Orazio Ceprani era lì per lasciarlo andare; ma tosto cambiò di proposito. Per quello che aveva da dire e da ottenere, la presenza di un terzo non doveva guastare; che anzi!

– No, finalmente, perchè? – diss'egli, trattenendo il Gonzaga col gesto. – Con lei si può parlare. Arrigo, – proseguì, rivolgendosi all'amico, – ero venuto a chiederti un servizio. Oggi dovrei ritirare quelle duecento Ausonie…

– E ci perdi ottomila lire; – notò Arrigo Valenti. – Te lo avevo pur detto!

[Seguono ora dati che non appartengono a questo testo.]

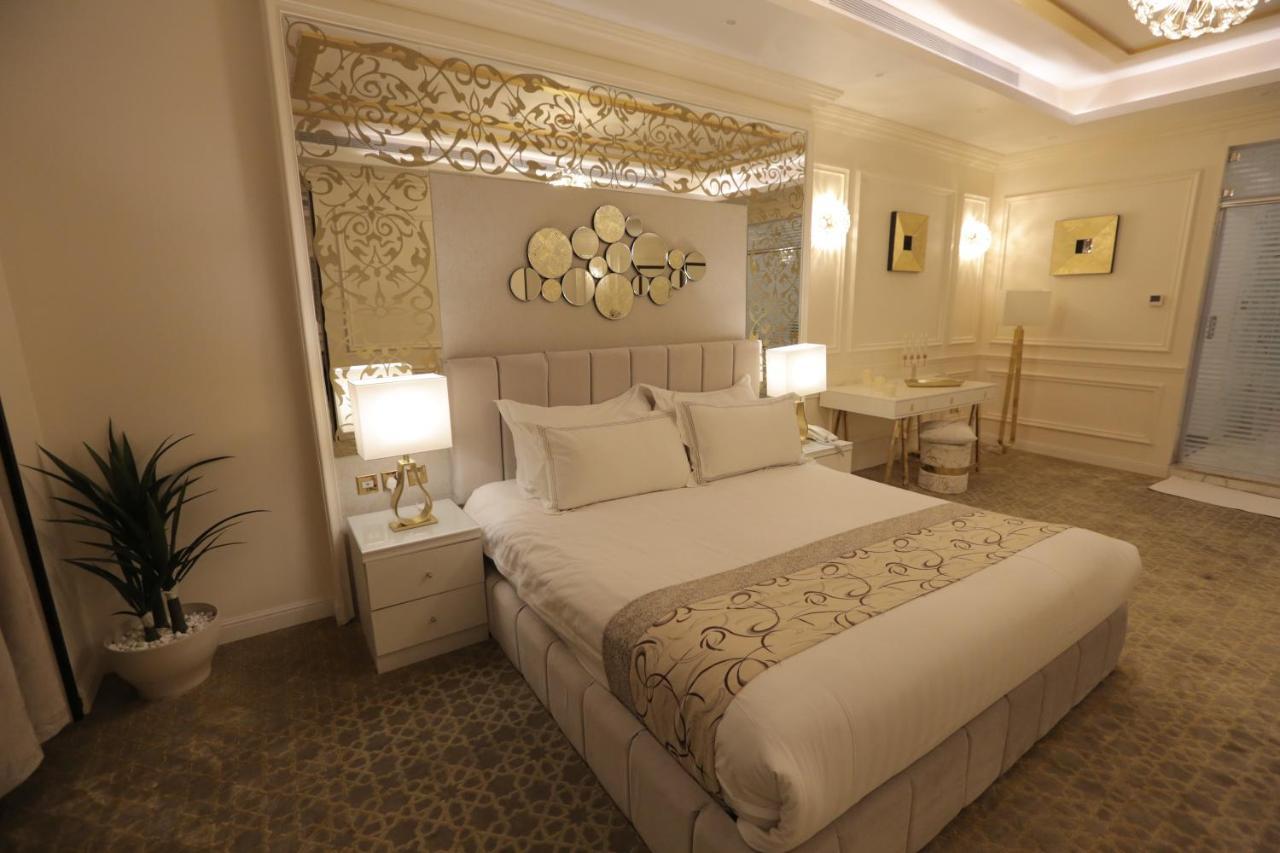 Broad Almkan Apart Hotel Ta'if Exterior photo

– Che vuoi? Promettevano così bene! Il Governo doveva assumere egli, da un momento all'altro… Insomma, che farci? Tu hai veduto più lontano e più giusto di me. Io m'inchino, e ti chieggo cinquemila lire in prestito, per completare le mie differenze di questo mese.

– Ah! mi duole davvero! – esclamò Arrigo, levando i suoi begli occhi al cielo. – Mi duole nel profondo dell'anima. Oggi è un cattivo giorno, per gli affari. Non ne ho. —

Orazio Ceprani aveva chinato la testa, con un gesto tra incredulo e rassegnato. Perchè, infine, non poteva credere che ad Arrigo Valenti mancassero cinquemila lire da render servizio a un amico in un cattivo quarto d'ora, e non poteva neanche, per le buone creanze, aver l'aria di non crederlo.

Per altro, se Orazio Ceprani aveva chinata la testa, l'aveva in sua vece rizzata il signor Cesare Gonzaga.

– Ma le ho io! – diss'egli, entrando terzo nella conversazione, e facendo dare un balzo di maraviglia ai due giovani. – Non si sa mai, ho detto tra me e me, nel partire da Reggio. Anzi, vedi, Arrigo mio, è stata questa la ragione vera per cui ho ritardato un giorno a venire. Tu mi perdonerai, Arrigo; – soggiunse, mentre metteva mano al suo portafoglio, gonfio di biglietti di Banca e sprovveduto di biglietti di visita; – credevo di aver a fare con un nipote… d'altra specie, e perciò ero venuto con molta munizione. Ho ventimila lire qua dentro, e il resto in una tratta sul banco Manfredi. Eccole dunque, signor Ceprani carissimo; questi son cinque da mille. —

Orazio Ceprani era rimasto interdetto; non sapeva se dovesse prender subito, o rifiutare, almeno per cerimonia: intanto abbozzava un “ma io, veramente…„ di un effetto assai comico.

– Non faccia complimenti, la prego; – ripigliò il Gonzaga. – Ella è amico di mio nipote, e gli amici di mio nipote sono i miei. Alle corte, non mi vuole per creditore?